To help shed light on this problem, we at RentHop partnered with AirDNA, the leader in vacation rental analytics. We compared AirDNA’s vacation rental data with our own long-term rental data across the 50 largest U.S. cities.
The results below describe our analysis, and provide an accurate snapshot of how rental property owners can maximize profits based on their property’s city and bedroom type.
- Smaller units are better suited as long-term rentals in most cities. However, as bedroom count increases, units become more lucrative to list as vacation rentals. By the time a property increases to four bedrooms, listing it as a vacation rental is more profitable in 90% of cities.
- In cities with high tourism demand, vacation rentals are more profitable than long-term rentals at lower bedroom counts.
- Unsurprisingly, long-term rentals are more favorable in cities with higher long-term rent prices, regardless of bedroom count. This occurs in cities such as NYC, Miami, Los Angeles, and Oakland.
One Bedroom Rentals
If you own a one-bedroom rental property, you’ll likely want to list it as a traditional lease. In fact, one-bedroom units were more profitable as long-term rentals in 96% of cities, when compared with vacation rentals.
Cities with the Highest Long-Term Return for a One Bedroom Rental
Louisville, San Jose, and Houston saw the highest ROI for long-term rentals of a one-bedroom unit. In Louisville, a property owner can make 392% more each year by renting out their property as a long-term rental rather than a vacation property.
Cities with the Highest Vacation Return for a One Bedroom Rental
Only two cities, Nashville and Virginia Beach, saw one-bedroom vacation rentals outpace traditional leases. Considering the vibrant tourism industry in Nashville, it makes sense that a one bed can generate 44.94% more income as a vacation rental.
A similar case applies to Virginia Beach, where owners make an average net income of $766.23 per month, or $9,194.76 per year, from those looking to take a beach vacation.
Two Bedroom Rentals
Two-bedroom units were more profitable to list as a long-term lease in 64% of cities, compared with vacation rentals.
Cities with the Highest Long-Term Return for a Two Bedroom Rental
Louisville, Atlanta, and Mesa see the largest difference in profits when renting units as a long-term versus vacation rental. San Jose, while fifth in overall returns, had the highest net rental income out of these top five cities, where owners make $9,591.48 per year on average.

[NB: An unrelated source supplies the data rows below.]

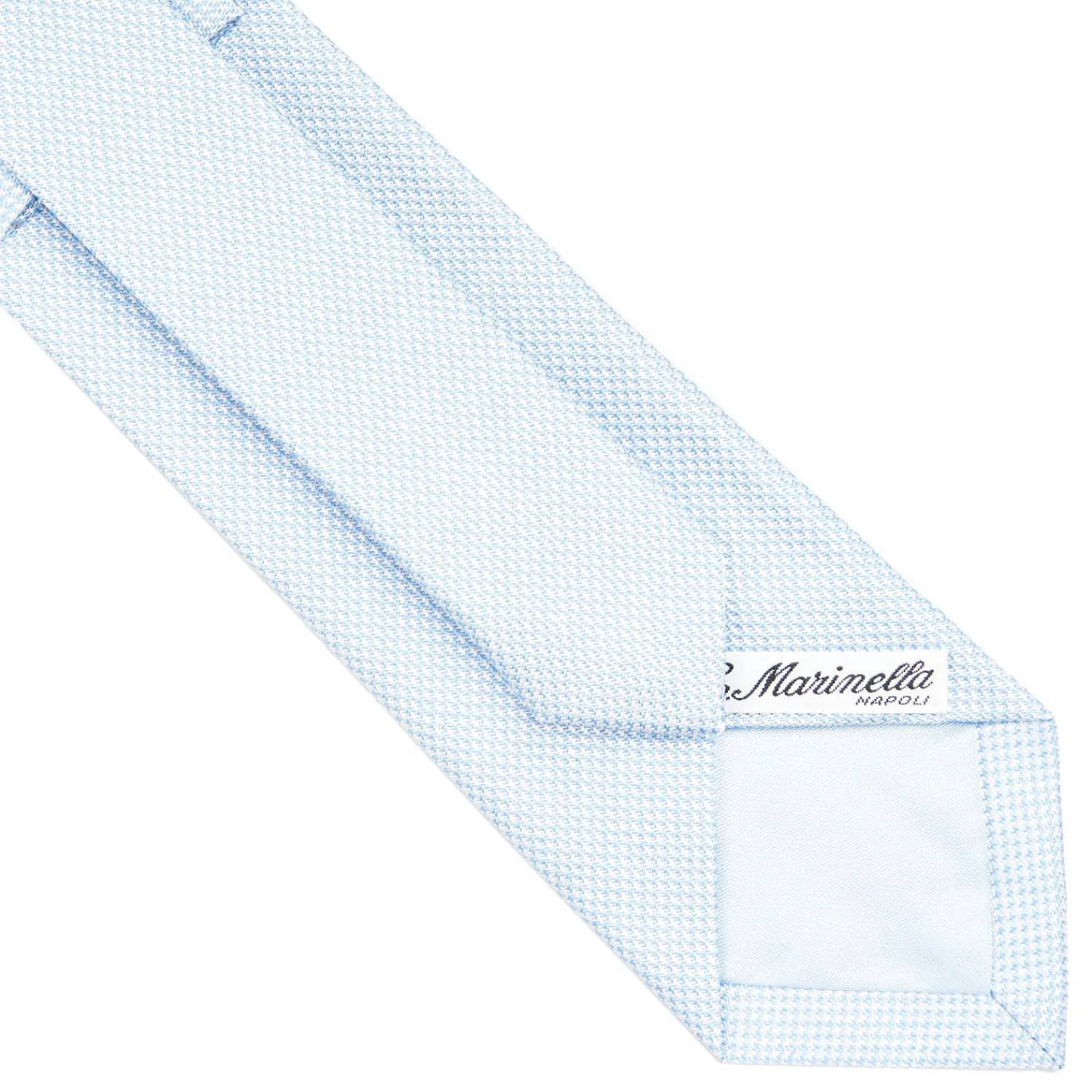Light Blue Ceremonial Jacquard Silk Tie Small Geometric Pattern>E.Marinella Outlet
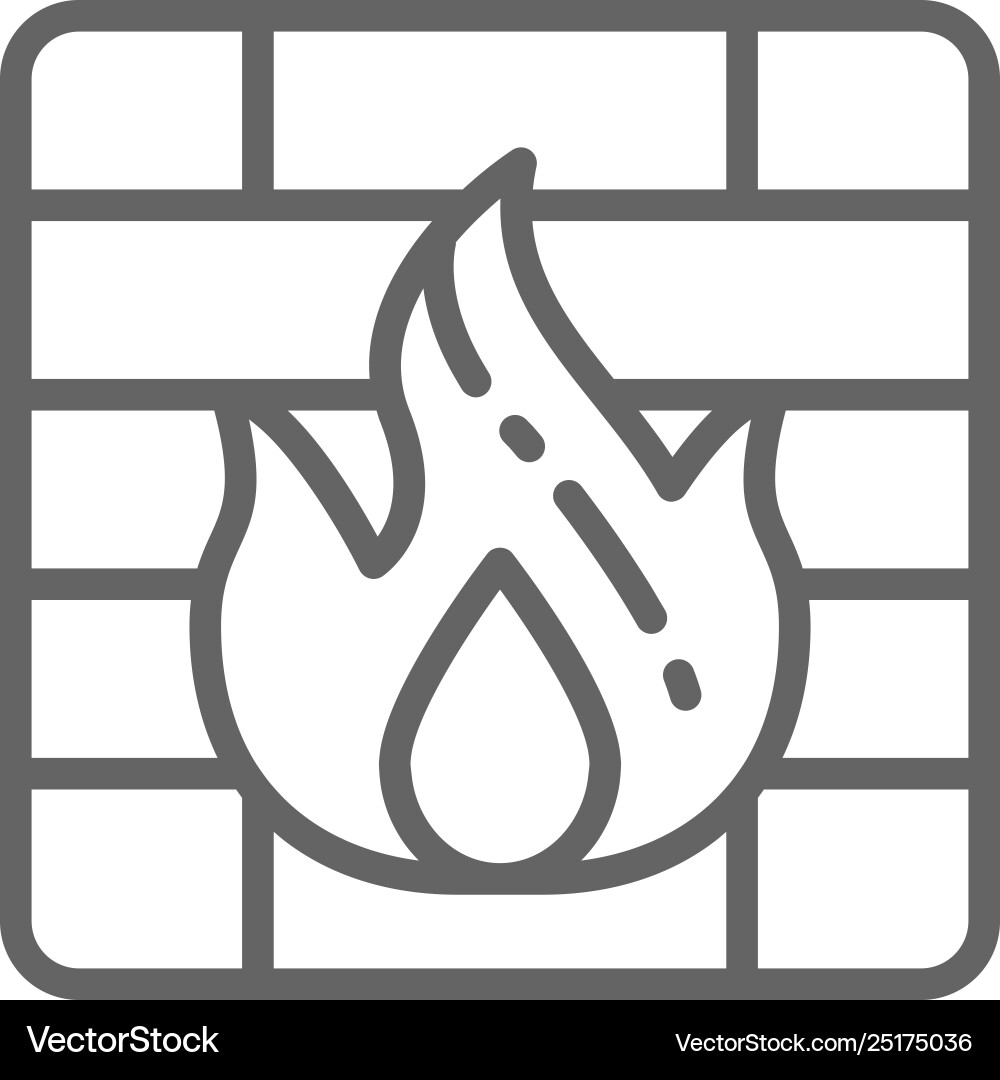 Firewall line icon Firewall line icon vector image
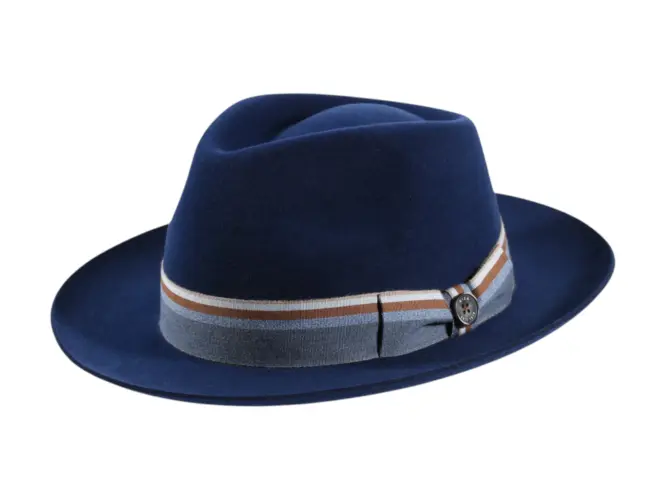 Fedora Bogart Velours „Cotton Stripes“ – Handgefertigt in der Schweiz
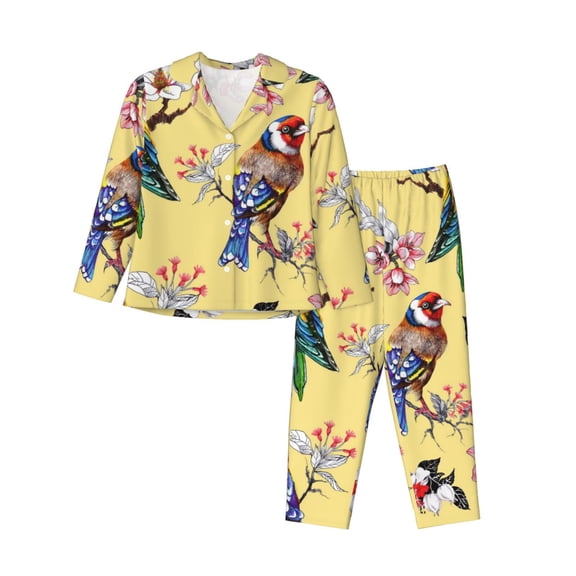 Rateoe Beautiful Bright Birds And Flowers Pattern Womens Pajamas Set Long Sleeve Sleepwear Button Down Nightwear Soft Cotton Pj Lounge Sets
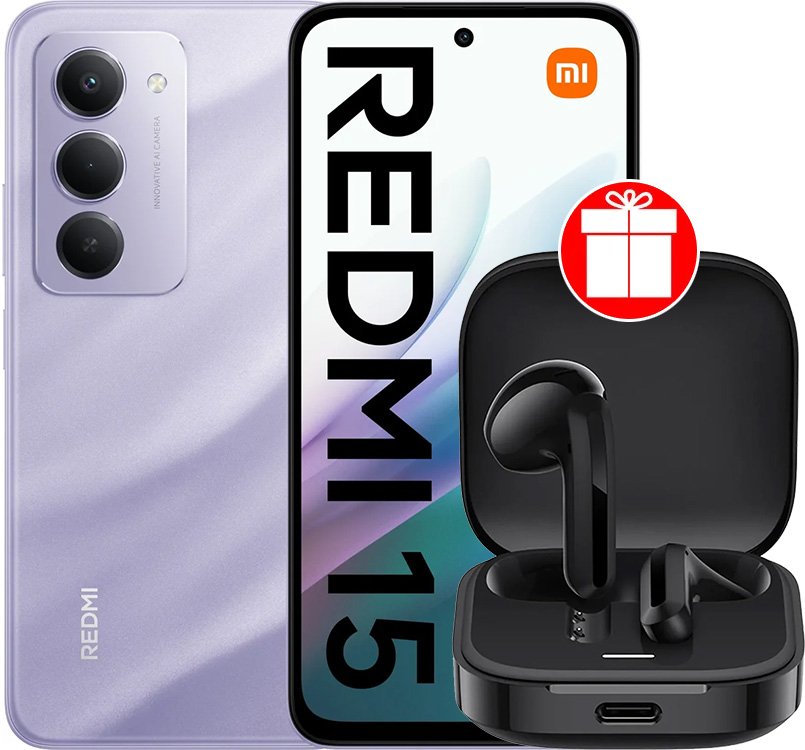 Телефон Xiaomi Redmi 15 4G 6GB/128GB международная версия (фиолетовый) + наушники Xiaomi Redmi Buds 6 Active M2344E1 (черный) по акции
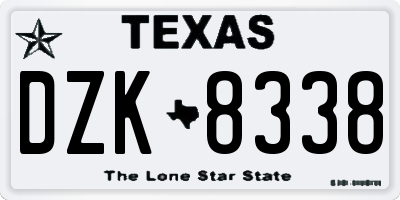 TX license plate DZK8338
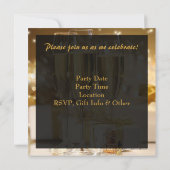 Vierkante Champagne Sparkle Golden 50e verjaardag Kaart (Achterkant)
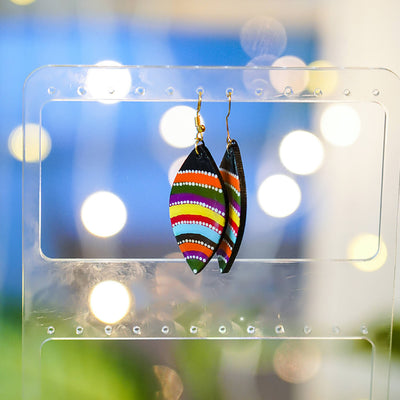Rainbow Oval Dot Art Mandala Earrings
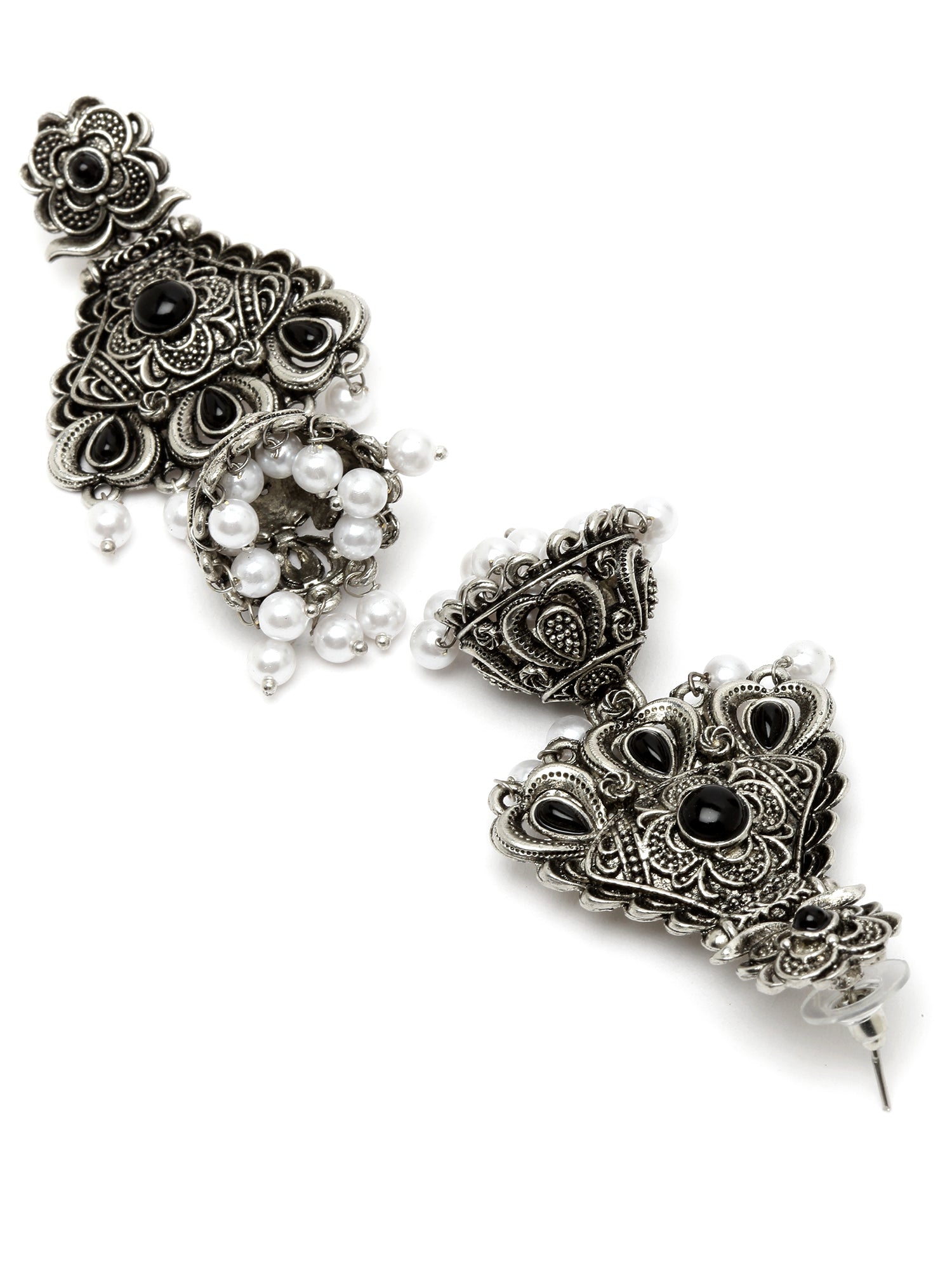 Karatcart Oxidised Silver Black Stone Studded Dangler Jhumki Earrings for Women - view 5
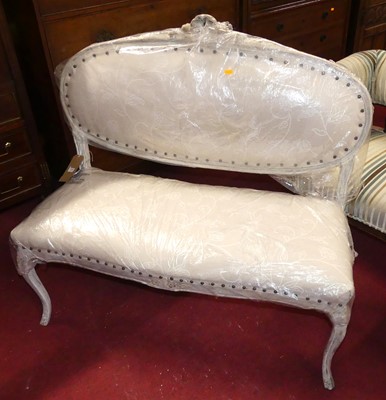 Lot 1361 - A French limed framed and pale floral fabric...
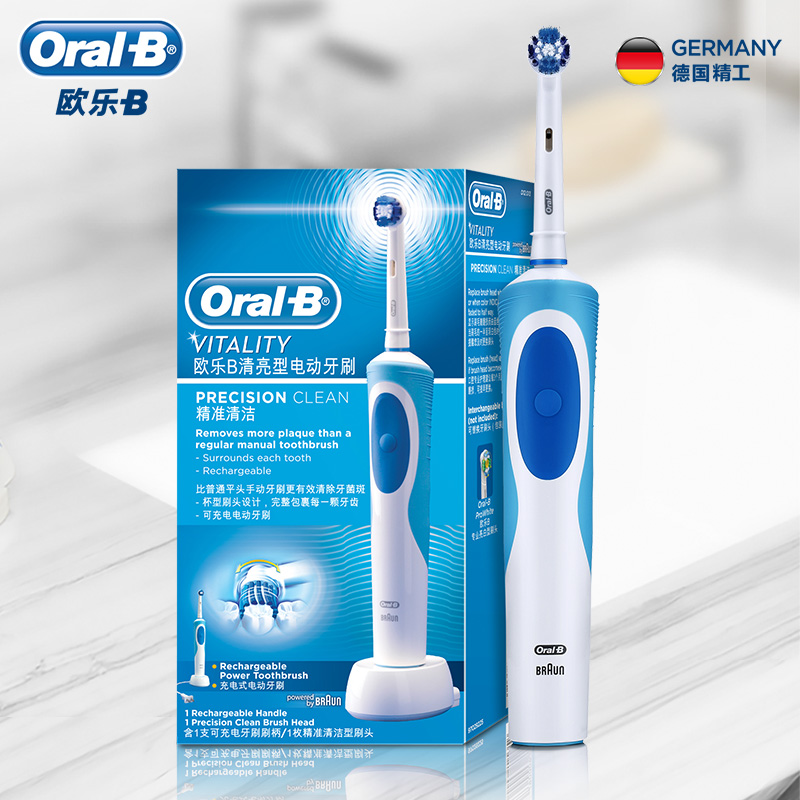 欧乐B（Oralb）电动牙刷 （含清洁型刷头*1）D12 清亮型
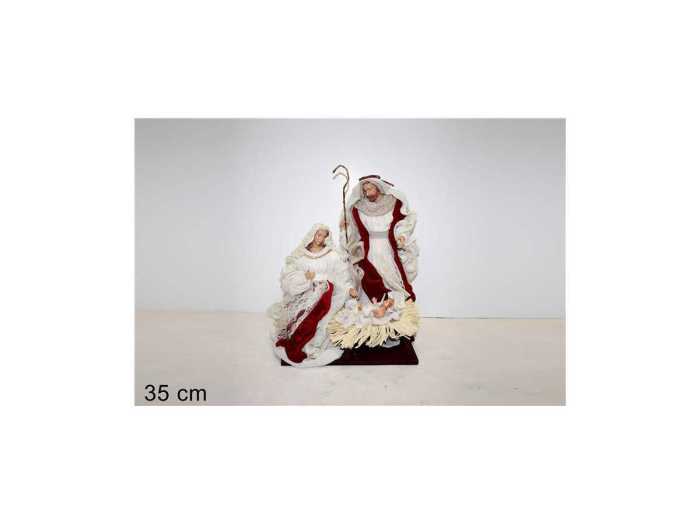 NATIVITA'BEIGE CON PIZZO E VELLUTO ROSSO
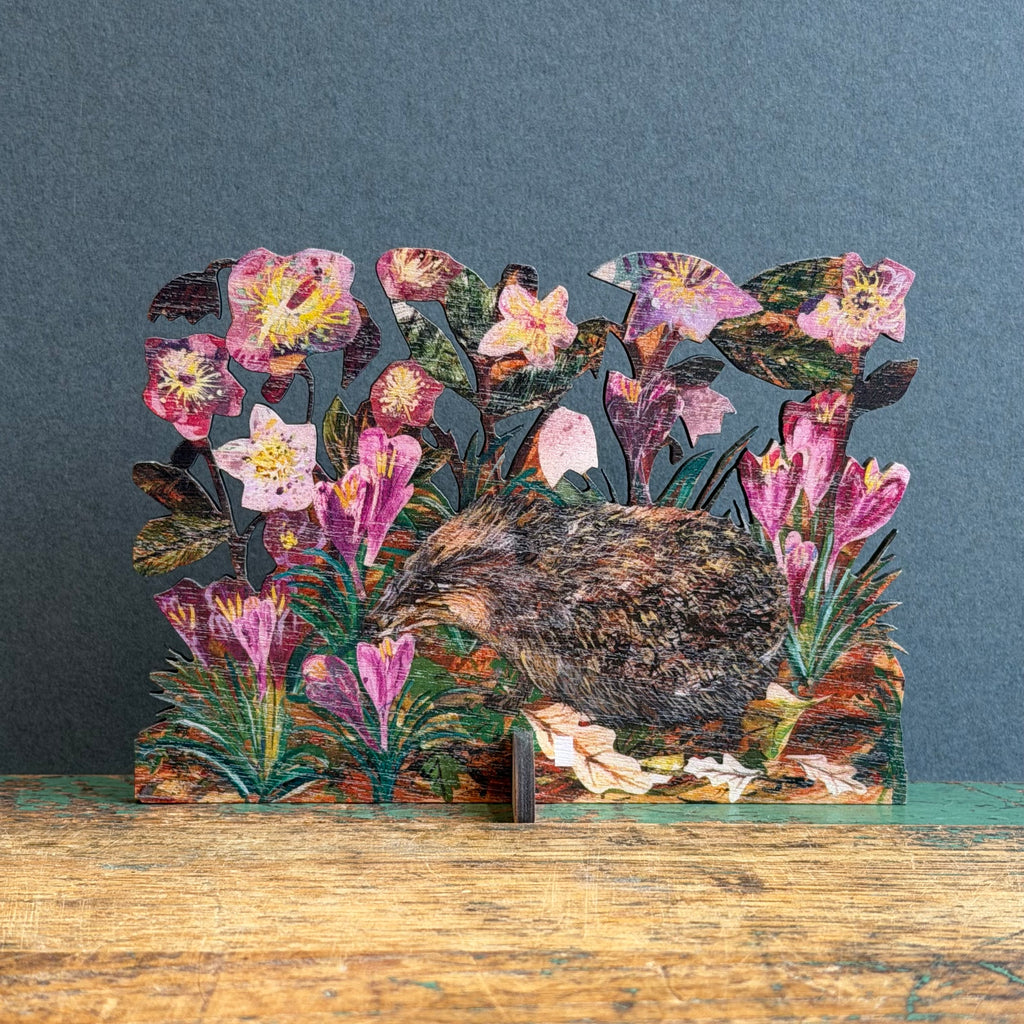 Wooden Keepsake with Greeting Card - Hedgehog in Hellebores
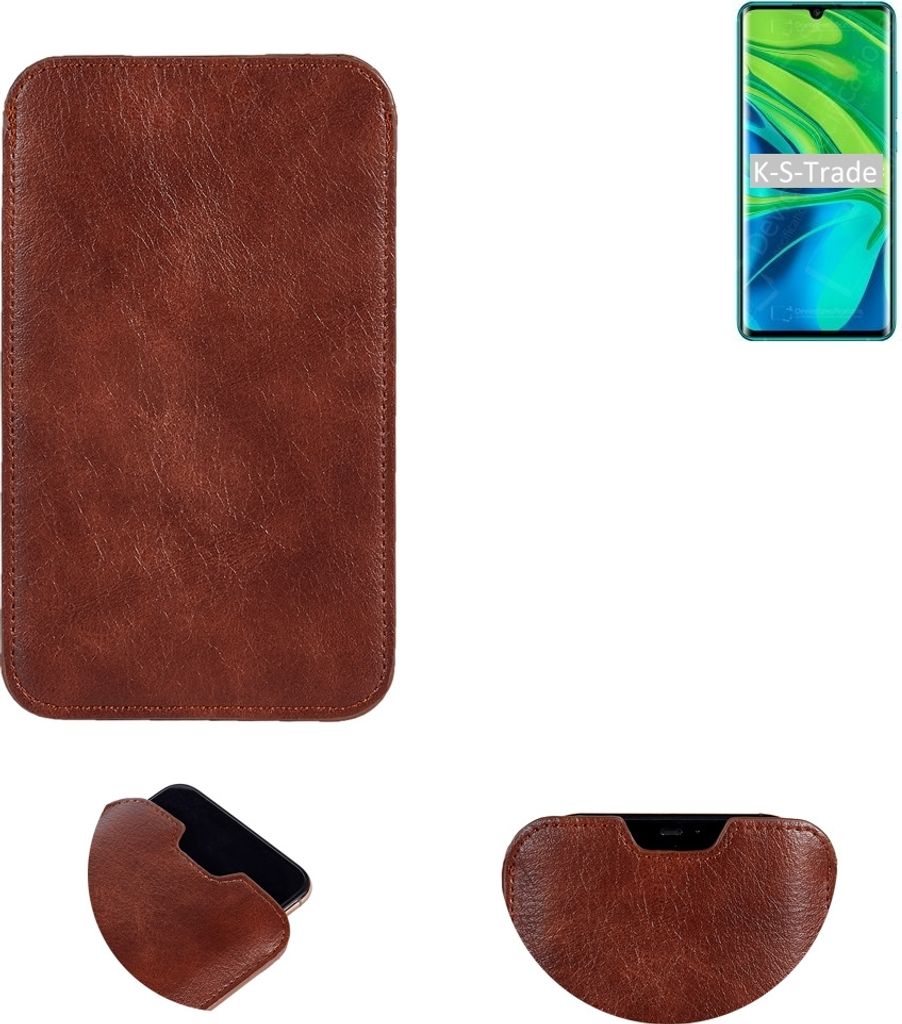 K-S-Trade Schutzhülle Handyhülle kompatibel mit Xiaomi Mi Note 10 Handytasche Kunstleder Sleeve in braun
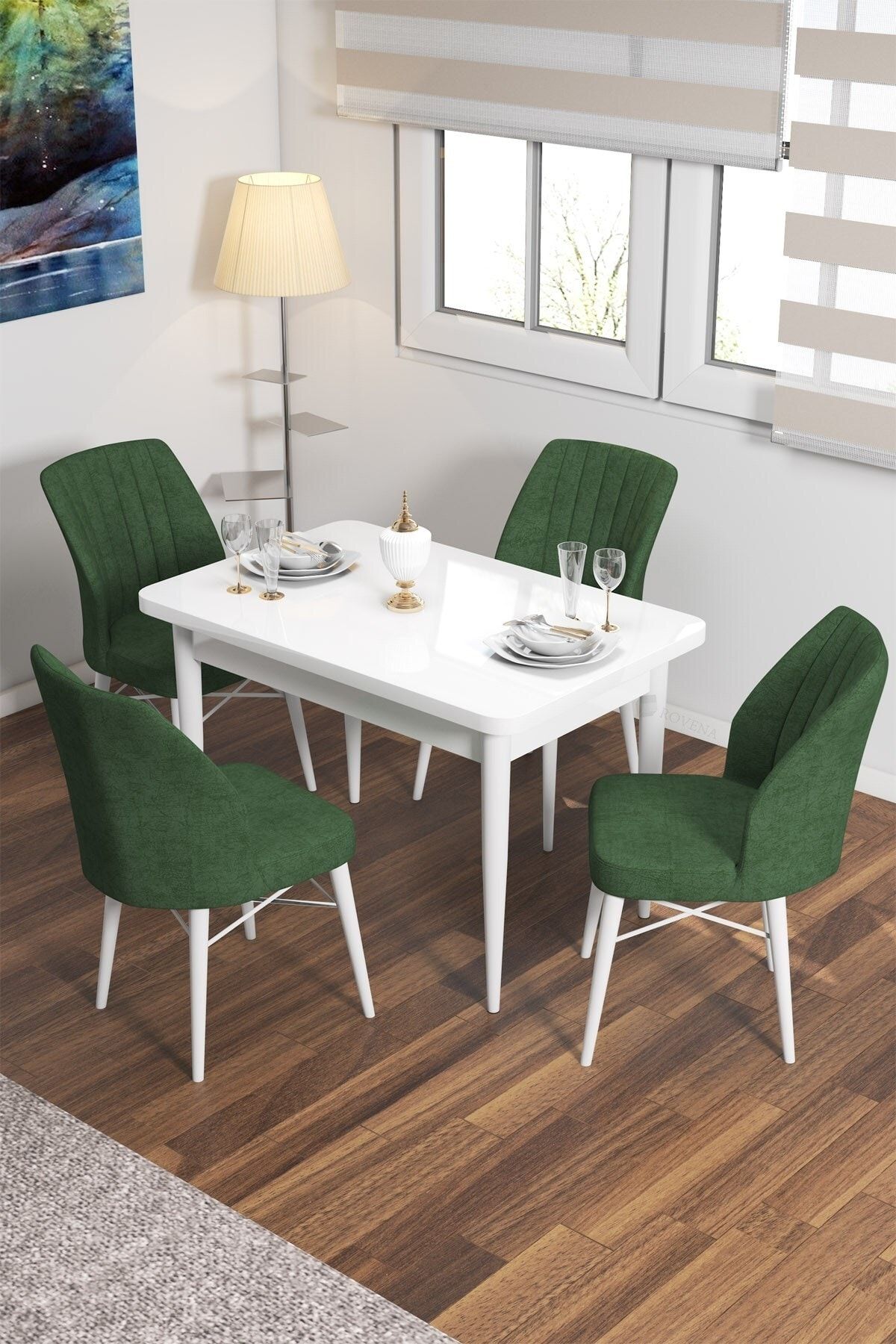 Rovena Neri Beyaz 70x110 Sabit Mutfak Masası 4 Sandalye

Cities with the Highest Vacation Return for a Two Bedroom Rental
Vacation rentals were more lucrative in only 18 out of 50 cities on our list, led by Milwaukee, Virginia Beach, and Memphis. Property owners in Milwaukee charge an average of $141.62 per night on Airbnb for their two bed, leading to a yearly net rental income of $10,862.16.
Three Bedroom Rentals
Vacation rentals outperformed long-term leases in 64% of cities for a three-bedroom unit.
One explanation for this shift from long-term to vacation at this level is the increased demand and nightly rate for larger properties on Airbnb. For big groups, many vacationers forgo traditional hotels and seek out larger three-bedroom properties on Airbnb and Vrbo. Larger properties also usually have amenities such as a pool, jacuzzi, or yard that can increase the average nightly rate.
Cities with the Highest Long-Term Return for a Three Bedroom Rental
Long-term rentals were more lucrative in only 16 out of 50 cities on our list, led by Louisville, Atlanta, and New York City.
In cities with unaffordable housing markets like New York and Los Angeles, it makes sense that long-term rental owners continue to return a high lease value on three beds, as many residents must rent when they cannot afford the cost of buying a home.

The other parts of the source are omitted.